TO DO: The copy you give must match the listing below exactly and contain no pictures.

EXERCISE DATA:
========================================
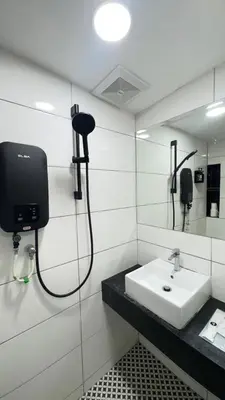 a bathroom with a sink and a mirror at E Hotel Kulim in Kulim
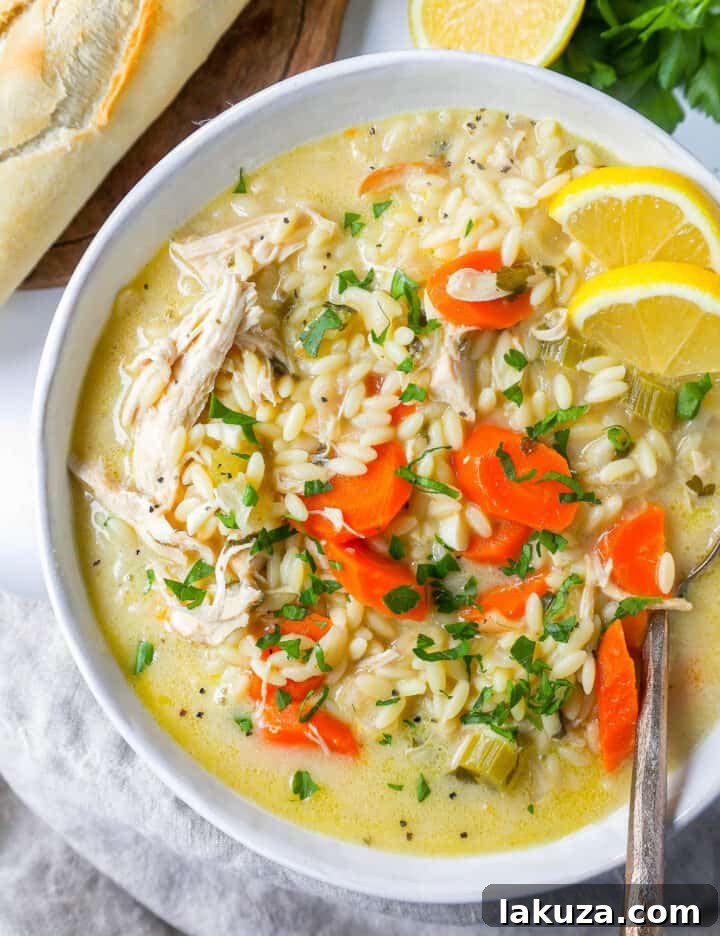 Fresh ingredients for Lemon Chicken Orzo Soup laid out on a cutting board, including vibrant lemons, crisp vegetables, and succulent chicken.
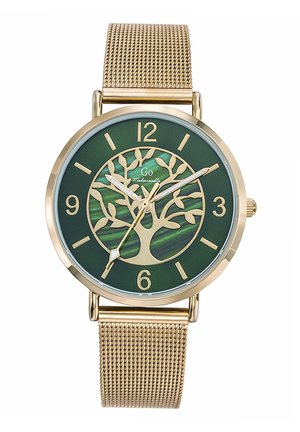 Gold-tone metal mesh watch featuring a green dial with a tree design, gold accents, and clear hour markers. Smooth, contemporary shape.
========================================
TASK SOLUTION:
 a bathroom with a sink and a mirror at E Hotel Kulim in Kulim
 Fresh ingredients for Lemon Chicken Orzo Soup laid out on a cutting board, including vibrant lemons, crisp vegetables, and succulent chicken.
 Gold-tone metal mesh watch featuring a green dial with a tree design, gold accents, and clear hour markers. Smooth, contemporary shape.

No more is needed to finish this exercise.